WESTENHAVER, District Judge.
This is an indictment charging 52 corporate defendants and 49 individual defendants with the criminal offense of a combination or conspiracy in restraint of interstate trade, in violation of section 1, Act of July 2, 1890, commonly known as the Sherman Anti- *41 Trust Act (Comp. Stat. § 8820). Of the individual defendants, the following have appeared, and have filed motions to quash and demurrers to the indictment, viz.: S. L. Smith, J. C. Haswell, H. B. Parker, G. H. Thompson, E. E. Walker, J. P. Kennedy, H. Luedinghaus, Jr., T. W. Ludlow, J. L. Simmon, E. T. Ward, R. E. Pelt, and C. F. La Harche. Of the corporate defendants, the following have also appeared, and have filed motions to quash and demurrers to the indictment, viz.: National Malleable & Steel Castings Company, the National Malleable Castings Company, the Dayton Malleable Iron Company, the Albion Malleable Iron Company, the Columbus Malleable Iron Company, the Erie Malleable Iron Company, the Kennedy Corporation, the Meeker Foundry Company, Springfield Malleable Iron Company, Warren Tool & Forge Company, and American Malleable Castings Company. Certain other corporate defendants, 30 in all, upon whom subpnas or summons to appear and answer have been served, have appeared specially and have filed motions to quash service of summons. Four other corporate defendants have not been served, and two other corporate defendants have not been found.

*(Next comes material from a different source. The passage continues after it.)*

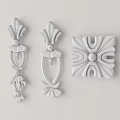 Ornate White Carvings With Various Floral And Leaf Patterns For Interior Decor Elements 3d model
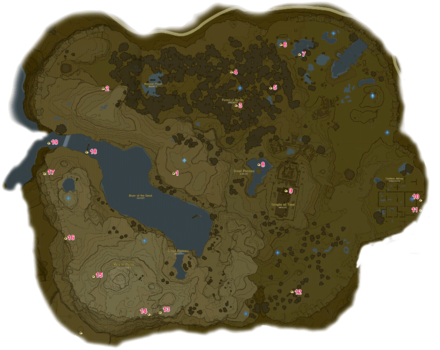 Great Plateau (Great Plataeu Region) Korok Seeds Map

In support of the motion to quash and the demurrers to the indictments, the same objections are urged alike by the individual and corporate defendants. Twenty-six separate grounds or reasons are assigned why the indictments are insufficient. Some are to form and others are to substance. No useful purpose will be served by dealing separately with these several objections. It will be sufficient to state my conclusions and sufficient of my reasons to show the basis on which my conclusions are rested.
In my opinion, after due consideration of all objections urged and an examination of the adjudged cases, the indictment is unexceptionable, both as to form and substance. It states adequately the venue of the crime charged as within the jurisdiction of this court. The crime is adequately alleged to be a continuing conspiracy, in which all of the corporate and individual defendants have been during the past five years and still are engaged, and is not, therefore, barred by the statute of limitations. The criminal participation of the individual defendants, as officers having the active management, direction, and control of the interstate trade and business of the corporate defendants engaged in the illegal combination or conspiracy, is sufficiently averred, within the authorities and within the terms of section 14, Act Oct. 15, 1914, known as the Clayton Act (Comp. Stat. § 8835m). The elements of the crime are not only charged in the language of the statute, but the means whereby the combination or conspiracy is and has been formed and carried on, and the details thereof adequate to identify the specific combination or conspiracy, and to enable the defendants to prepare for trial and to protect them against a new prosecution in the event of acquittal or conviction, are likewise all set forth with particularity and definiteness. If the allegations of the indictment are proved, each and all of the defendants are guilty of a violation of section 1 of the Sherman Act.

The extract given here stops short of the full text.